*About this task*: The word "white" marks the lines to keep; find each one in the data and copy it.

Data excerpts
------
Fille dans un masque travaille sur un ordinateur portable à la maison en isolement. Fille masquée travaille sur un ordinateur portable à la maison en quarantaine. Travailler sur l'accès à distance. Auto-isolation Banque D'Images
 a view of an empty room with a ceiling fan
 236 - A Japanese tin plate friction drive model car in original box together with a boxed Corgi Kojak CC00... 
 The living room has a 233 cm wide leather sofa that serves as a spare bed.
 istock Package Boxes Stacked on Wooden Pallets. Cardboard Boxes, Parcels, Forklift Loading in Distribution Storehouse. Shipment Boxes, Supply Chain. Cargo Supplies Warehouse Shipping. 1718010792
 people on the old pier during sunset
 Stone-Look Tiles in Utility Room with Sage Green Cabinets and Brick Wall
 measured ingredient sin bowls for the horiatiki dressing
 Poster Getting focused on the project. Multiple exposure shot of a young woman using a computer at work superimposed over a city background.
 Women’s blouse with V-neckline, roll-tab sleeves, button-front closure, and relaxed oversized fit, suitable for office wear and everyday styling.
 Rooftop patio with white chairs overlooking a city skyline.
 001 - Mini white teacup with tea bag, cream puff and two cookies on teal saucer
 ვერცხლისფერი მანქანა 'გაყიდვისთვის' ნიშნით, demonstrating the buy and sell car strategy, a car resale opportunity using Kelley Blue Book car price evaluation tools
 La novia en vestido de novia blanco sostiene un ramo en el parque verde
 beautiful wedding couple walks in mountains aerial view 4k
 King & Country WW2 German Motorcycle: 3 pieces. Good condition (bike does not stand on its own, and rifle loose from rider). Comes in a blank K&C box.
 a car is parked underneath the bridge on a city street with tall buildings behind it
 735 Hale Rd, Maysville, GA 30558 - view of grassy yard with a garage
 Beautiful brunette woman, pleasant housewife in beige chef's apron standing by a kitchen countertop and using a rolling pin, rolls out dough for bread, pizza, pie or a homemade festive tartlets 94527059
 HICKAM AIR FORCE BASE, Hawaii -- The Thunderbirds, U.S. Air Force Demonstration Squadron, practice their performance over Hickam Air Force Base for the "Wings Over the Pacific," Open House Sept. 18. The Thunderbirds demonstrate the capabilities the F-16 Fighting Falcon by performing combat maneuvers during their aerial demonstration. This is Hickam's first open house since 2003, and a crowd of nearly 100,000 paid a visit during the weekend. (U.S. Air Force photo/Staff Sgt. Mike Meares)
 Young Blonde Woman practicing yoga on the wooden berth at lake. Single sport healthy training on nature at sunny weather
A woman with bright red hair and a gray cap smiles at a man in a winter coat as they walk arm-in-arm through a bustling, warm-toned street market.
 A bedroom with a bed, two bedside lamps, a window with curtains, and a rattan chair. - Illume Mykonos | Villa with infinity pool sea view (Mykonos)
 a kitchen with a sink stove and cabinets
------
*Result*:
 Rooftop patio with white chairs overlooking a city skyline.
 001 - Mini white teacup with tea bag, cream puff and two cookies on teal saucer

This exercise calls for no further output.